Out-going Canadian Governor-General, The Right Honourable David Johnston, gave an interview to Canadian magazine Maclean’s as he prepares to wrap up a historical seven-year term in the post.
Johnston spoke about his time working with the diametrically opposed governments of Prime Minister Steven Harper and current Prime Minister Justin Trudeau before shifting to talk about Queen Elizabeth II and the future of the monarchy in Canada.
“She’s remarkably physically and mentally acute, and it’s wonderful to be with her,” Johnston said.
“We’ve found both her and her husband so down to earth, so warm, and in her case so very wise. Each time we’ve had the chance to meet I’ve had the sense of someone who’s seen more history than any other living person. It’s been quite a thrill to interact with her.”
Johnston spoke of his last visit with The Queen, saying, “It was a bit nostalgic there because we both knew it was the last time we would see each other in this capacity.”
But Johnston also cautioned against abolishing the monarchy in Canada, saying that once The Queen passes, there will probably be a debate about its merits in modern Canadian society.
“My own view,” he said, “is that we have an Act of Succession, the succession is clear, and my role and that of the other members of the vice-regal family is to make that as smooth as it possibly can be.”

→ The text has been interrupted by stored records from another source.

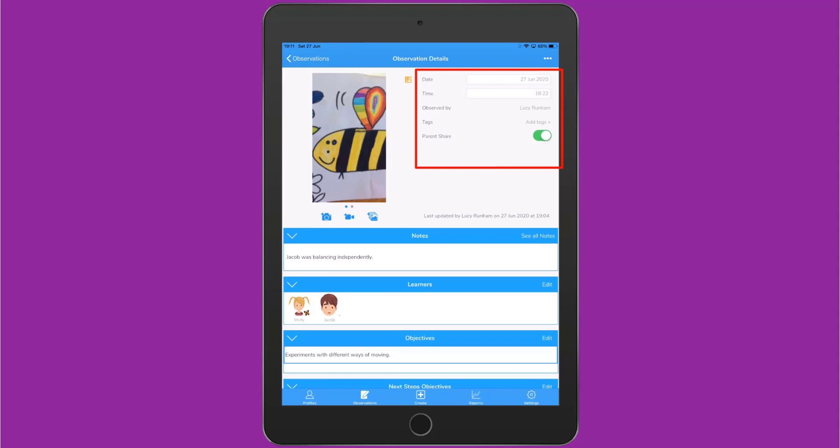To the right of the media, you can change the date and the time. You can also add any tags you wish to search for the observation under and tag it for Parent Share if you like. If you tag an observation for Parent Share, it'll be immediately available to that parent when they log in on their device.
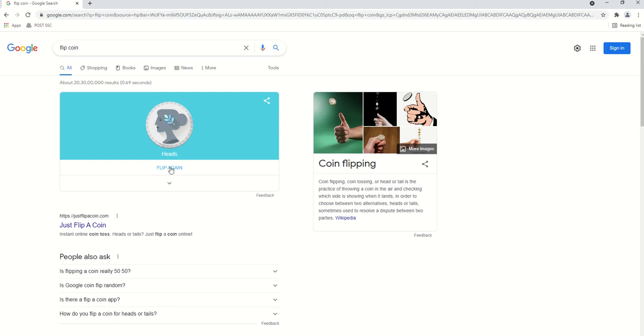Likewise, if you want to flip or toss any coins with Google, you can easily do so.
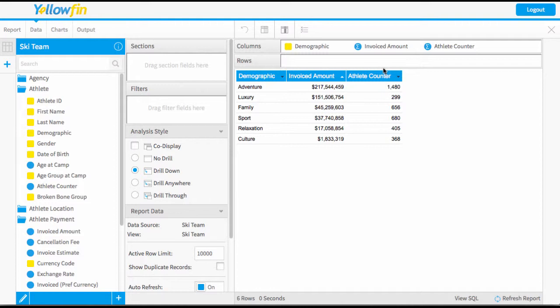Welcome to our Yellowfin video on customizing the color ranges of your charts. I've started in our report builder page and started to build a table which we're going to be able to use this data in our chart.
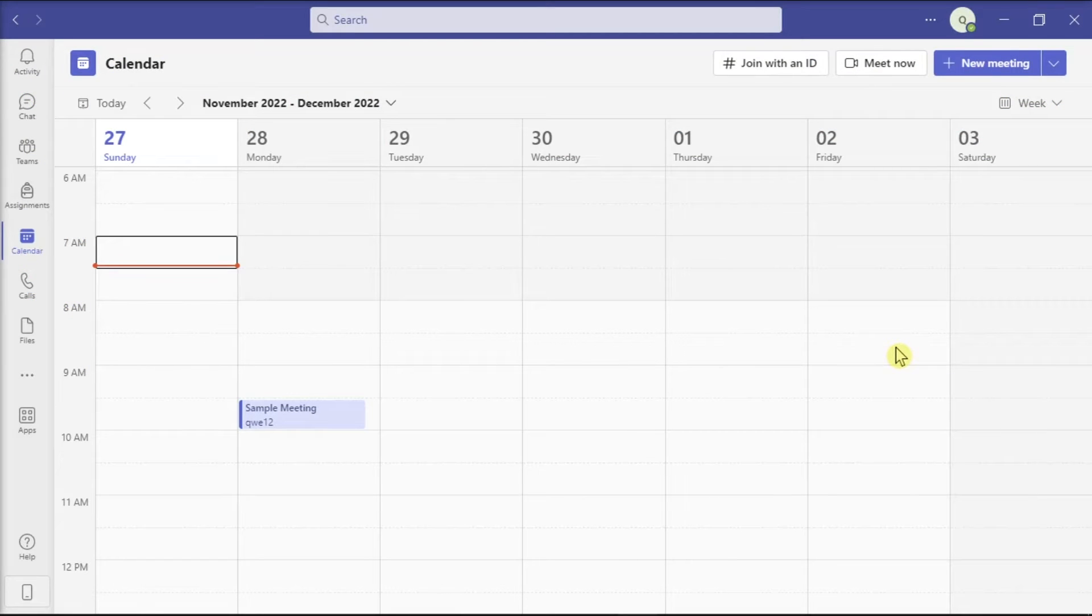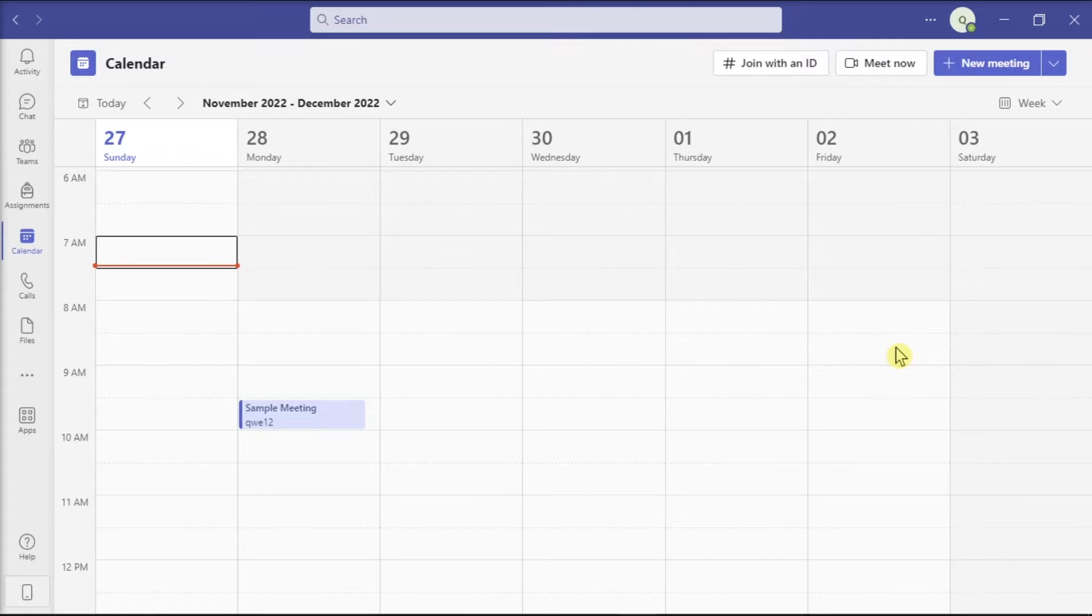Microsoft Teams users may sometimes need to cancel scheduled meetings, and unfortunately, canceled meetings remain visible in the user's calendar and the team's feed.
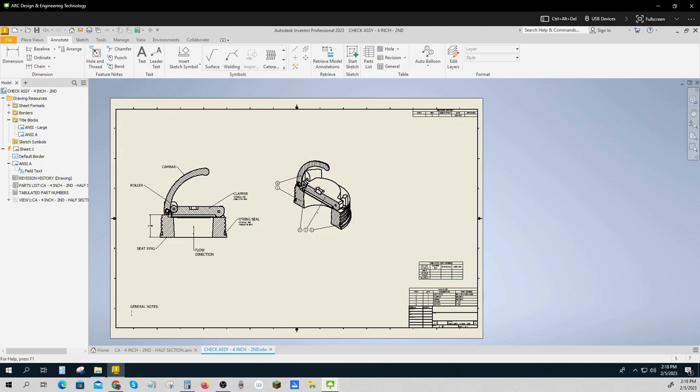All right, there we go. That is assembly, tabulated assemblies, production control, and product books for our check assembly design.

Johnston said he’s been in many debates about this subject before, and he tells schoolchildren when he debates them, “You know, Canada has evolved since 1867. We’re the product of a thousand years of constitutional history. We’ve made changes, when changes were appropriate, in how we govern ourselves.
“If you wanted to name 10 countries around the world that seem to have government that pretty well satisfies the needs of the vast majority of people and has a degree of trust, you’d probably have on the list: Denmark, Sweden, Norway, the United Kingdom, Netherlands, Australia, New Zealand, Canada.
“What’s common to those? They’re all constitutional monarchies with vigorous parliamentary democracies. So, something has been working well for us.”
Johnston will be succeeded by former astronaut Julie Payette, who, early yesterday, met The Queen at Balmoral Castle ahead of her October instalment.